▸ **AIM OF THE EXERCISE**
Take the listing that follows and copy it precisely.
EXCERPTED RECORDS Block Start
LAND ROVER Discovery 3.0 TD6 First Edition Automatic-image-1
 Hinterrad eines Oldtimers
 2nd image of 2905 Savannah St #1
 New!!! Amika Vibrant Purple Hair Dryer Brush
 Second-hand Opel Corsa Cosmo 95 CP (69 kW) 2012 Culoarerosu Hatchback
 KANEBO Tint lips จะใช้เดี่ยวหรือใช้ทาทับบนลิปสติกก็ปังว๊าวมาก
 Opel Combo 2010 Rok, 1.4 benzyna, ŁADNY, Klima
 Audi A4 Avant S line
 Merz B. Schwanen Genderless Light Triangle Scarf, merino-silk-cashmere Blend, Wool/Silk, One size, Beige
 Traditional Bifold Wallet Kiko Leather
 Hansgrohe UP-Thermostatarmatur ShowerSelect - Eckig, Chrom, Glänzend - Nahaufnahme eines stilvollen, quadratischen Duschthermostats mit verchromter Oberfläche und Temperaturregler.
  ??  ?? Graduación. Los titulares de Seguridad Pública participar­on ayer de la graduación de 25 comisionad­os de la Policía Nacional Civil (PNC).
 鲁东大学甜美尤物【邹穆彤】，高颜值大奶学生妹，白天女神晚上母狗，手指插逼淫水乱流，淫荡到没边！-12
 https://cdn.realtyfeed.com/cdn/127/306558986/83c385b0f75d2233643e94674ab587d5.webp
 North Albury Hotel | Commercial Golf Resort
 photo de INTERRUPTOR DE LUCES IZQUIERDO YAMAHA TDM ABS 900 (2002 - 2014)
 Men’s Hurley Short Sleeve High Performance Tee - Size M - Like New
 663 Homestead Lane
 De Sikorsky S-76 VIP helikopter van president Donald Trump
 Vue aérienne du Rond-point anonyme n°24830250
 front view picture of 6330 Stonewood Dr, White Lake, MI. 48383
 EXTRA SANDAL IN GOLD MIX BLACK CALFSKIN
EXCERPTED RECORDS Block End
▸ **OUTPUT FOR THIS EXERCISE**
LAND ROVER Discovery 3.0 TD6 First Edition Automatic-image-1
 Hinterrad eines Oldtimers
 2nd image of 2905 Savannah St #1
 New!!! Amika Vibrant Purple Hair Dryer Brush
 Second-hand Opel Corsa Cosmo 95 CP (69 kW) 2012 Culoarerosu Hatchback
 KANEBO Tint lips จะใช้เดี่ยวหรือใช้ทาทับบนลิปสติกก็ปังว๊าวมาก
 Opel Combo 2010 Rok, 1.4 benzyna, ŁADNY, Klima
 Audi A4 Avant S line
 Merz B. Schwanen Genderless Light Triangle Scarf, merino-silk-cashmere Blend, Wool/Silk, One size, Beige
 Traditional Bifold Wallet Kiko Leather
 Hansgrohe UP-Thermostatarmatur ShowerSelect - Eckig, Chrom, Glänzend - Nahaufnahme eines stilvollen, quadratischen Duschthermostats mit verchromter Oberfläche und Temperaturregler.
  ??  ?? Graduación. Los titulares de Seguridad Pública participar­on ayer de la graduación de 25 comisionad­os de la Policía Nacional Civil (PNC).
 鲁东大学甜美尤物【邹穆彤】，高颜值大奶学生妹，白天女神晚上母狗，手指插逼淫水乱流，淫荡到没边！-12
 https://cdn.realtyfeed.com/cdn/127/306558986/83c385b0f75d2233643e94674ab587d5.webp
 North Albury Hotel | Commercial Golf Resort
 photo de INTERRUPTOR DE LUCES IZQUIERDO YAMAHA TDM ABS 900 (2002 - 2014)
 Men’s Hurley Short Sleeve High Performance Tee - Size M - Like New
 663 Homestead Lane
 De Sikorsky S-76 VIP helikopter van president Donald Trump
 Vue aérienne du Rond-point anonyme n°24830250
 front view picture of 6330 Stonewood Dr, White Lake, MI. 48383
 EXTRA SANDAL IN GOLD MIX BLACK CALFSKIN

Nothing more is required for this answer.